May 2018 commemorates 50 years since the student demonstrations in Paris, which saw Charles de Gaulle flea his own country and head for Baden Baden

The following link provides access to a wonderful piece of reflective journalism and features the work and thoughts of Jean-Paul Sartre:


When the rich wage war, it's the poor who die - Sartre

Lindsay F Bond

Inevitable, inescapable, even inexpungible as process of humanity’s societal fundament, especially of hitherto cultures in PNG, and will prevail, is the ‘sit and talk’ stated by Michael, no matter the title, the descriptor and the precedents elsewhere nominally anarchic.

Of quality and particularity, variance accompanies, e.g. actually sitting.
Of reach and efficacy, limits constrain, e.g. volume, receptivity, attentiveness.
In essence, the lands of PNG hitherto heard converse significantly constrained.

Where Phil postures a prospective of converse contained not by contour of terrain but by commercial contortion (and odiously according to Raymond Sigimet *), abrogation of both electoral participation and fidelity would rob the State as surely as the avoidance of a truth intended in the noble word ‘equity’.
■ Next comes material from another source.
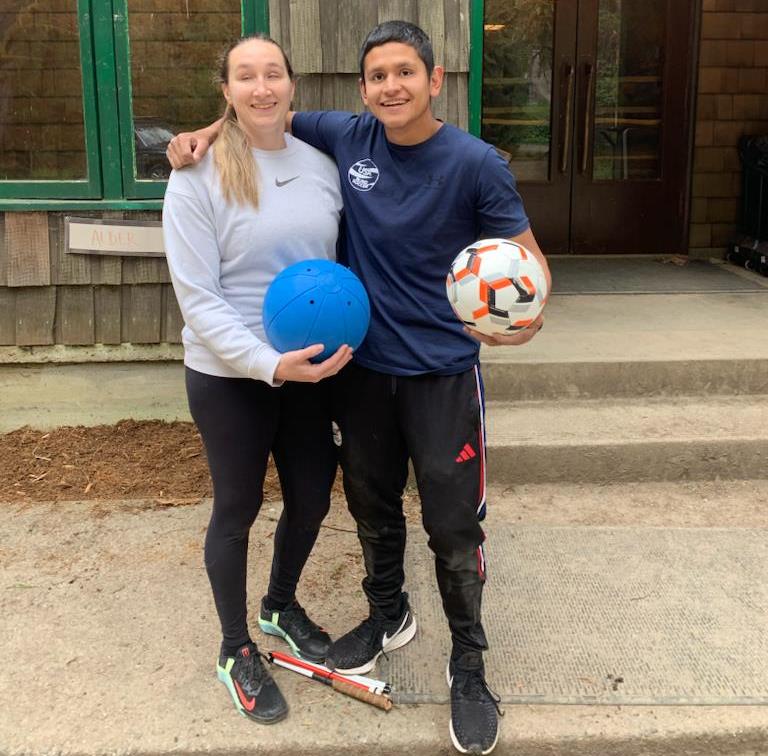 Eliana Mason, holding a goalball, and Ricky Castaneda, holding a blind soccer ball, pose together for a photo.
* see: http://asopa.typepad.com/asopa_people/2016/06/foul-haus-tambaran-monster-farting-on-an-undeserving-png.html

Bernard Corden

Come back Emma Goldman rise up old Joe Hill
The barricades are going up they cannot break our will
Come back to us Malcolm X and Martin Luther King
We're marching into Selma as the bells of freedom ring

Steve Earle - Christmas Time in Washington

Philip Fitzpatrick

I think that sooner or later any political system becomes corrupted and I don't doubt that anarchy would be the same. George Orwell neatly demonstrates this in his novel 'Animal Farm'.

I'm not so sure that traditional PNG societies were so riven with superstition and violence as to fit Hobbes' famous description.

And, of course, modern PNG society is still very superstitious and violent, despite democracy (or maybe because of it).

As we seek a post-capitalist alternative the two single things we will have to guard against are the human tendencies to greed and power.

I'm pretty sure we won't be able to do that.

Michael Dom

I agree, we have been duped. Clan leadership was always a fluid dynamic for contribution, reciprocation and negotiation for net benefit.

Capitalism relies on democracy to keep it fed, after which it becomes a self perpetuating cycle relying on individual avarice.

Anarchy may be in some ways a more negotiable option if it leads to the individual being less of a proponent, along the lines of communism, but not quite.

Nevertheless, anarchy would also rely on 'leaders' or 'clan elders' what-have-you, willing to work for the best outcomes of their various groups and to be willing to not only sit and talk about how they can do what benefits each group and all collectively, but also to actually commit to do it.

It appears that when the situation becomes more dire, the need for anarchy becomes more apparent and its practicality more workable.

Capitalism may have gained its standing in socio-political organisation by providing the notion that the best benefit for all was economic.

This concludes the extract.